State Leaders Reluctant to Let More Tennessee Water Go to Georgia
Gov. Phil Bredesen says he doesn't want to see more water being diverted out of Tennessee to relieve drought conditions in Atlanta.
Atlanta Mayor Shirley Franklin recently suggested exploring ways to pipe in water from other areas, including from the Tennessee or Savannah rivers, although Georgia officials said they have no plans to pursue such a plan.
But Bredesen said the state needs to be careful in managing its water.
"I would have a real problem ... with a wholesale transfer of water out of the Tennessee watershed," Bredesen said. "I just think it's one of the very important natural resources that we have in Tennessee, and (we) should be very, very cautious about allowing it to be degraded in any way," he said.
Bredesen, a Democrat, said he has no objections to the amounts of water currently sent outside the state under Tennessee's Interbasin Water Transfer Act.

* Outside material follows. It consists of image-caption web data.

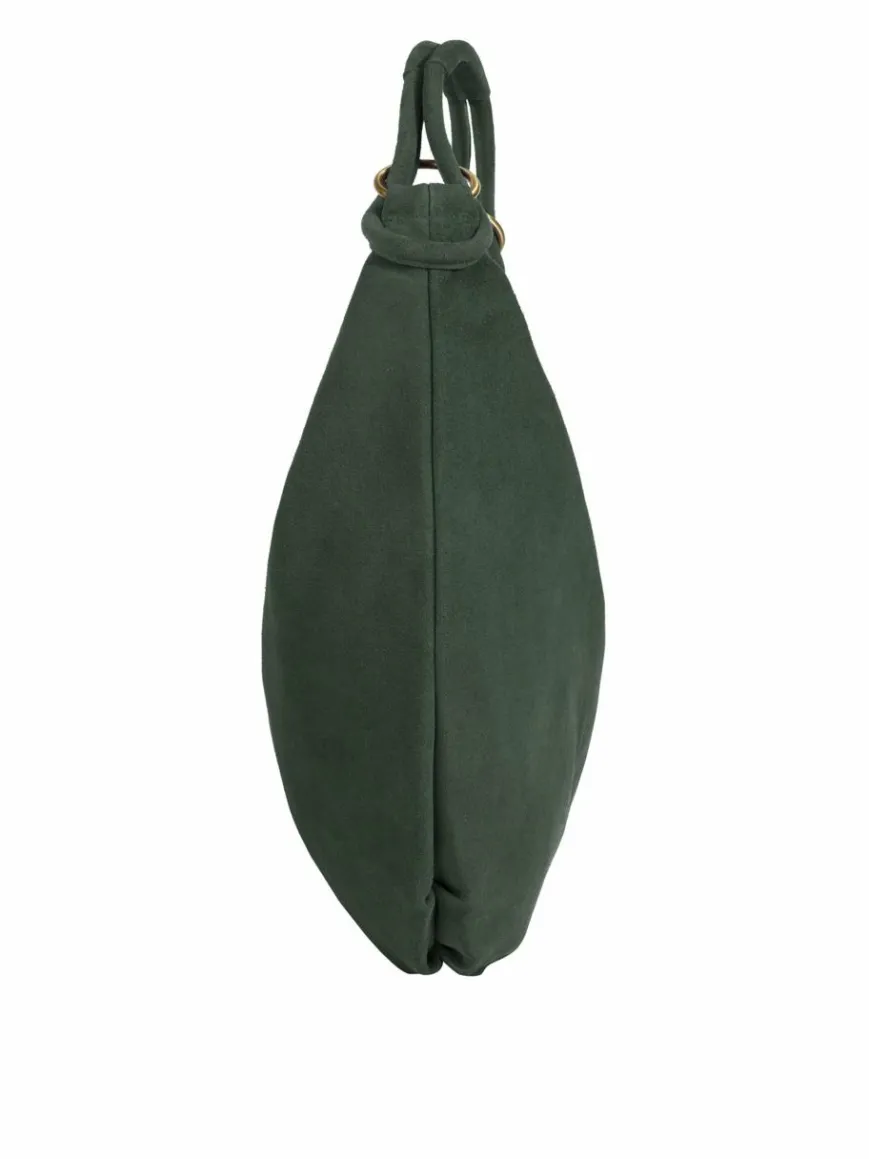 Bruno Banani Taschen & Rucksäcke*Damen Shopper oliv uni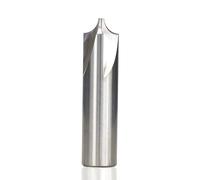 JAINGU 1pc Radius Corner Rounding Cutter R0.5-R5.0 Round Over End Mill Tungsten Carbide Router Bit For CNC Machine Radius Milling Tool,R1.0xD4x50L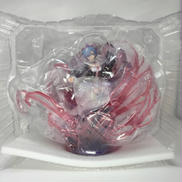 鬼レム -Crystal Dress Ver-|SHIBUYA SCRAMBLE FIGURE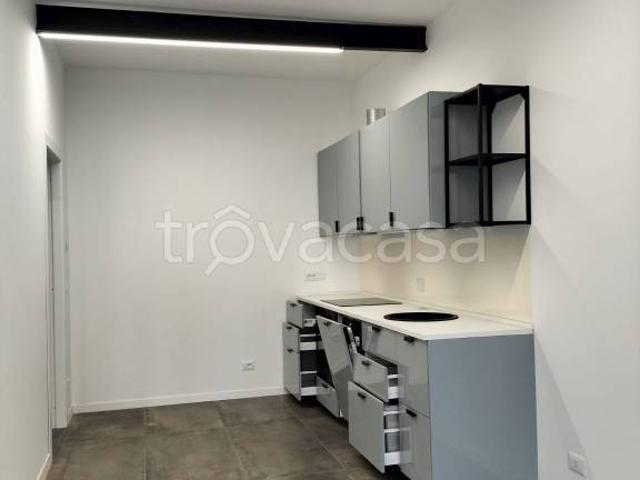 Bilocale in affitto a Torino via Frejus, 116, Cenisia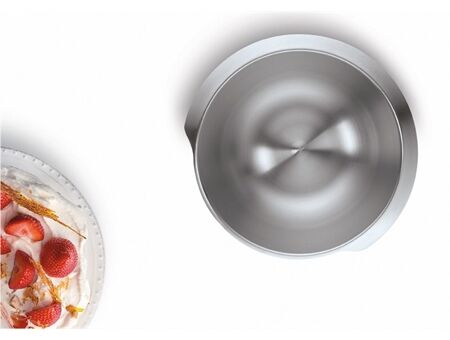 Bosch MUZ5 ER 2 Rührschüssel edelstahl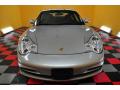 2002 911 Targa #2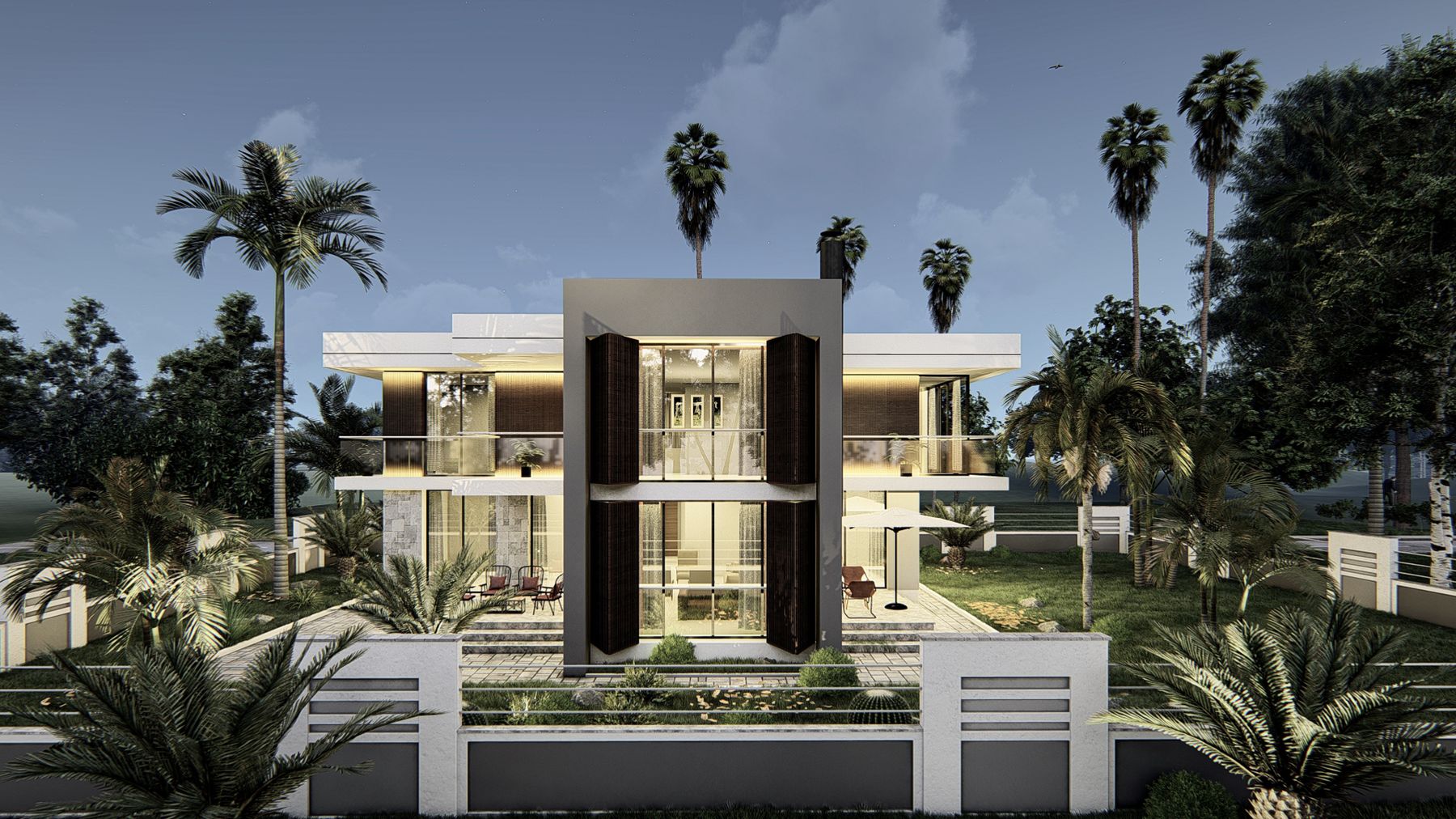 AT Evi — view 2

The law allows state regulators to control diversions between watersheds.
Bredesen said Chattanooga's Hamilton County already shares some Tennessee River water with nearby Dalton, Ga.
"That's probably appropriate, and that's basically suburban to Chattanooga," he said. "I don't have a problem with that."
Georgia officials say there's about 80 days' worth of drinking water left in Lake Lanier, which supplies 3 million people with water. But the Army Corps of Engineers, which manages the region's water sources, contends there's enough left for about 280 days.